I think we should fix kho_mem_retrieve() by making memblock_free_all()
and deferred_free_pages() aware of KHO. I feel that splitting the
freeing of pages into two phases is going to make the early boot more
complicated than it needs to. And on top of all this we still need to do
the special case thing for hugetlb anyway. So I am not sure if this is a
good idea...

>
> Thoughts?

I personally like option 1 the most (maybe because it is very similar to
my patchset). My point is, if you think the "extended scratch" is fine
as a concept and we only need to clean up the neighbouring stuff like
memblock allocation strategy, then I would like to pursue this since I
think this has the most potential.

I think option 3 is also viable. While I personally am not a huge fan, I
don't have it either.
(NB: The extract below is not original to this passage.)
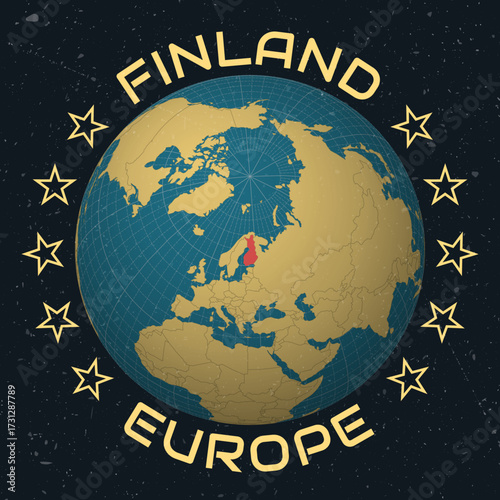 Republic of Finland on Globe. Country name round text. Vintage look with grunge scratched texture. Country view on world map in Sky Blue Light Yellow color palette. Finland shape on map.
So if you really dislike 1 then I can try to make
3 work.

Option 4 can kind of work, but it just gives me a bad feeling that it
will make early boot memory management more complex and might result in
flaky boot failures.

Option 2 is the worst of the lot I think. It is the easiest to
implement, but I think it just adds to the tech debt that
memblock_reserve() is.

So, in summary, I would like to pursue option 1 and try to make it more
appetizing. But I would like to at least know if you hate the "extended
scratch" (ignore the name) as a concept or only the code it results in.

-- 
Regards,
Pratyush Yadav